---------- DATA FOR PROCESSING

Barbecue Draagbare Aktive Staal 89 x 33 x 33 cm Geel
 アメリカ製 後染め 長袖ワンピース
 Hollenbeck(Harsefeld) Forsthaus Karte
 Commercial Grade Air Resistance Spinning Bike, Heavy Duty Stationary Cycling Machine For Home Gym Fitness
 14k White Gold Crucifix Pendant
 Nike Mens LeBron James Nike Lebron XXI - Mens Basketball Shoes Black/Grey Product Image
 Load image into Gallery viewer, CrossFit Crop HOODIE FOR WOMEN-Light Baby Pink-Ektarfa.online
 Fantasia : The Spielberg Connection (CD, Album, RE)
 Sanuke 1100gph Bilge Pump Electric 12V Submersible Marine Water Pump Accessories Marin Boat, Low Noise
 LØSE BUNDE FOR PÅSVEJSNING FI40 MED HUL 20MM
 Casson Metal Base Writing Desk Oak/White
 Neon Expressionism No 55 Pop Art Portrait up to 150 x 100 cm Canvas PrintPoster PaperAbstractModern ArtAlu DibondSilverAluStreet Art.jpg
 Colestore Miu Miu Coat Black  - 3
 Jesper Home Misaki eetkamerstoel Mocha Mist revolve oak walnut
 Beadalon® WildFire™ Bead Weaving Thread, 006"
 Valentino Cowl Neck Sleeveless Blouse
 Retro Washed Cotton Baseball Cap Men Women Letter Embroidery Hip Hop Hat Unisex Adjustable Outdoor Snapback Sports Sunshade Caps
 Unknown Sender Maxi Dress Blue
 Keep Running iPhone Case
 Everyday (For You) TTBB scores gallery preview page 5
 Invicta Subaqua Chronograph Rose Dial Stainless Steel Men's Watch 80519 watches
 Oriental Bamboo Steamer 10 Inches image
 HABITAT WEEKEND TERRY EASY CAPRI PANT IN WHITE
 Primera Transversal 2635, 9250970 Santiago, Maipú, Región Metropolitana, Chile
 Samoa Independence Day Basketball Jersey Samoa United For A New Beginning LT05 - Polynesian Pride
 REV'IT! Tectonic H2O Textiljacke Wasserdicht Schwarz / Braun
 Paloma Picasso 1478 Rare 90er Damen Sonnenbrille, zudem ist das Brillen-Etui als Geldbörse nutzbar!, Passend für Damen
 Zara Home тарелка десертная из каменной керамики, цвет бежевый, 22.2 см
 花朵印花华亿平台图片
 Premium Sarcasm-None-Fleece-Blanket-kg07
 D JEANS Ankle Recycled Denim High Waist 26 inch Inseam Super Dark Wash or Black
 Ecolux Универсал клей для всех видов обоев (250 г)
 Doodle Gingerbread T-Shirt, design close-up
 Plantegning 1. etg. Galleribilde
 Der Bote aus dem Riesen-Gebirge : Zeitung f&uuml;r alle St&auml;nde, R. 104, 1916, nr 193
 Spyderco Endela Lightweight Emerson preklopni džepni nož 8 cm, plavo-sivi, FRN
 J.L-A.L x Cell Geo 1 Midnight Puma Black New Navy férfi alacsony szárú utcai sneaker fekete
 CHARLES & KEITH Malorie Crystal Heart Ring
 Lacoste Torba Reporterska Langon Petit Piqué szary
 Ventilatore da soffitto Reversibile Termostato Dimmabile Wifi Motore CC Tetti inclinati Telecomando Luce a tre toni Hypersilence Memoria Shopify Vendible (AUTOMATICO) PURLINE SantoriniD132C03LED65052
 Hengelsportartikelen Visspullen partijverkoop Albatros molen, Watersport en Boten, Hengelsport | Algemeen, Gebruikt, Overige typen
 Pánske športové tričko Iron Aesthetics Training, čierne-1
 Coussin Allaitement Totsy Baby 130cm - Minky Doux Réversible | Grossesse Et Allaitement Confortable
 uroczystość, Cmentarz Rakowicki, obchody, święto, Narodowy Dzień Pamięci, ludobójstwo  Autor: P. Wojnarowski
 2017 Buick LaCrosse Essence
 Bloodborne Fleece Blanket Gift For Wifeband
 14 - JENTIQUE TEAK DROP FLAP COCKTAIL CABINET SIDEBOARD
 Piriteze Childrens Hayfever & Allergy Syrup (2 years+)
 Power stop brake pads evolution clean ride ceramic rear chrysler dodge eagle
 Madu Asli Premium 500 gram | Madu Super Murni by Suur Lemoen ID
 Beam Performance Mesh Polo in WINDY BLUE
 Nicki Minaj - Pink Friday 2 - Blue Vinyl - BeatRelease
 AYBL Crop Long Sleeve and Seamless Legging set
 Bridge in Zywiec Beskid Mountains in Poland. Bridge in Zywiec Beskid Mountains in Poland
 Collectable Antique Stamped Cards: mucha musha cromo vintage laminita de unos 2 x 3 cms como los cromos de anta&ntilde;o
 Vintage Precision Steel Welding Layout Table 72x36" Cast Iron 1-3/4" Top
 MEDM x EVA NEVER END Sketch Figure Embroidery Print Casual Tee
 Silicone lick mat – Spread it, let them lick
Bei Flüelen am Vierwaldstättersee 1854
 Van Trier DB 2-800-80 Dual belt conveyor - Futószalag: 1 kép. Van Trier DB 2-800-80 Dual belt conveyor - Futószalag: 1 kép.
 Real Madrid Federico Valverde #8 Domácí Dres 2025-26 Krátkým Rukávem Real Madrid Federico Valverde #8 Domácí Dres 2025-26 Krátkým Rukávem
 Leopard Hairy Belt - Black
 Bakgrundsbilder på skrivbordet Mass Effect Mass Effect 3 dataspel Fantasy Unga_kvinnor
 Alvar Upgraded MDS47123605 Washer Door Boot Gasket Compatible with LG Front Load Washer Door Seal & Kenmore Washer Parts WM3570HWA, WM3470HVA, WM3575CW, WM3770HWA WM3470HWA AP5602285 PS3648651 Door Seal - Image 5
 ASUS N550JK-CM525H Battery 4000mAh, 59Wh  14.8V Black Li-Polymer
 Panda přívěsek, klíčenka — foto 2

--------------------

(ACTIVITY) Please return all of the records exactly as they appear.

(TASK SOLUTION)
Barbecue Draagbare Aktive Staal 89 x 33 x 33 cm Geel
 アメリカ製 後染め 長袖ワンピース
 Hollenbeck(Harsefeld) Forsthaus Karte
 Commercial Grade Air Resistance Spinning Bike, Heavy Duty Stationary Cycling Machine For Home Gym Fitness
 14k White Gold Crucifix Pendant
 Nike Mens LeBron James Nike Lebron XXI - Mens Basketball Shoes Black/Grey Product Image
 Load image into Gallery viewer, CrossFit Crop HOODIE FOR WOMEN-Light Baby Pink-Ektarfa.online
 Fantasia : The Spielberg Connection (CD, Album, RE)
 Sanuke 1100gph Bilge Pump Electric 12V Submersible Marine Water Pump Accessories Marin Boat, Low Noise
 LØSE BUNDE FOR PÅSVEJSNING FI40 MED HUL 20MM
 Casson Metal Base Writing Desk Oak/White
 Neon Expressionism No 55 Pop Art Portrait up to 150 x 100 cm Canvas PrintPoster PaperAbstractModern ArtAlu DibondSilverAluStreet Art.jpg
 Colestore Miu Miu Coat Black  - 3
 Jesper Home Misaki eetkamerstoel Mocha Mist revolve oak walnut
 Beadalon® WildFire™ Bead Weaving Thread, 006"
 Valentino Cowl Neck Sleeveless Blouse
 Retro Washed Cotton Baseball Cap Men Women Letter Embroidery Hip Hop Hat Unisex Adjustable Outdoor Snapback Sports Sunshade Caps
 Unknown Sender Maxi Dress Blue
 Keep Running iPhone Case
 Everyday (For You) TTBB scores gallery preview page 5
 Invicta Subaqua Chronograph Rose Dial Stainless Steel Men's Watch 80519 watches
 Oriental Bamboo Steamer 10 Inches image
 HABITAT WEEKEND TERRY EASY CAPRI PANT IN WHITE
 Primera Transversal 2635, 9250970 Santiago, Maipú, Región Metropolitana, Chile
 Samoa Independence Day Basketball Jersey Samoa United For A New Beginning LT05 - Polynesian Pride
 REV'IT! Tectonic H2O Textiljacke Wasserdicht Schwarz / Braun
 Paloma Picasso 1478 Rare 90er Damen Sonnenbrille, zudem ist das Brillen-Etui als Geldbörse nutzbar!, Passend für Damen
 Zara Home тарелка десертная из каменной керамики, цвет бежевый, 22.2 см
 花朵印花华亿平台图片
 Premium Sarcasm-None-Fleece-Blanket-kg07
 D JEANS Ankle Recycled Denim High Waist 26 inch Inseam Super Dark Wash or Black
 Ecolux Универсал клей для всех видов обоев (250 г)
 Doodle Gingerbread T-Shirt, design close-up
 Plantegning 1. etg. Galleribilde
 Der Bote aus dem Riesen-Gebirge : Zeitung f&uuml;r alle St&auml;nde, R. 104, 1916, nr 193
 Spyderco Endela Lightweight Emerson preklopni džepni nož 8 cm, plavo-sivi, FRN
 J.L-A.L x Cell Geo 1 Midnight Puma Black New Navy férfi alacsony szárú utcai sneaker fekete
 CHARLES & KEITH Malorie Crystal Heart Ring
 Lacoste Torba Reporterska Langon Petit Piqué szary
 Ventilatore da soffitto Reversibile Termostato Dimmabile Wifi Motore CC Tetti inclinati Telecomando Luce a tre toni Hypersilence Memoria Shopify Vendible (AUTOMATICO) PURLINE SantoriniD132C03LED65052
 Hengelsportartikelen Visspullen partijverkoop Albatros molen, Watersport en Boten, Hengelsport | Algemeen, Gebruikt, Overige typen
 Pánske športové tričko Iron Aesthetics Training, čierne-1
 Coussin Allaitement Totsy Baby 130cm - Minky Doux Réversible | Grossesse Et Allaitement Confortable
 uroczystość, Cmentarz Rakowicki, obchody, święto, Narodowy Dzień Pamięci, ludobójstwo  Autor: P. Wojnarowski
 2017 Buick LaCrosse Essence
 Bloodborne Fleece Blanket Gift For Wifeband
 14 - JENTIQUE TEAK DROP FLAP COCKTAIL CABINET SIDEBOARD
 Piriteze Childrens Hayfever & Allergy Syrup (2 years+)
 Power stop brake pads evolution clean ride ceramic rear chrysler dodge eagle
 Madu Asli Premium 500 gram | Madu Super Murni by Suur Lemoen ID
 Beam Performance Mesh Polo in WINDY BLUE
 Nicki Minaj - Pink Friday 2 - Blue Vinyl - BeatRelease
 AYBL Crop Long Sleeve and Seamless Legging set
 Bridge in Zywiec Beskid Mountains in Poland. Bridge in Zywiec Beskid Mountains in Poland
 Collectable Antique Stamped Cards: mucha musha cromo vintage laminita de unos 2 x 3 cms como los cromos de anta&ntilde;o
 Vintage Precision Steel Welding Layout Table 72x36" Cast Iron 1-3/4" Top
 MEDM x EVA NEVER END Sketch Figure Embroidery Print Casual Tee
 Silicone lick mat – Spread it, let them lick
Bei Flüelen am Vierwaldstättersee 1854
 Van Trier DB 2-800-80 Dual belt conveyor - Futószalag: 1 kép. Van Trier DB 2-800-80 Dual belt conveyor - Futószalag: 1 kép.
 Real Madrid Federico Valverde #8 Domácí Dres 2025-26 Krátkým Rukávem Real Madrid Federico Valverde #8 Domácí Dres 2025-26 Krátkým Rukávem
 Leopard Hairy Belt - Black
 Bakgrundsbilder på skrivbordet Mass Effect Mass Effect 3 dataspel Fantasy Unga_kvinnor
 Alvar Upgraded MDS47123605 Washer Door Boot Gasket Compatible with LG Front Load Washer Door Seal & Kenmore Washer Parts WM3570HWA, WM3470HVA, WM3575CW, WM3770HWA WM3470HWA AP5602285 PS3648651 Door Seal - Image 5
 ASUS N550JK-CM525H Battery 4000mAh, 59Wh  14.8V Black Li-Polymer
 Panda přívěsek, klíčenka — foto 2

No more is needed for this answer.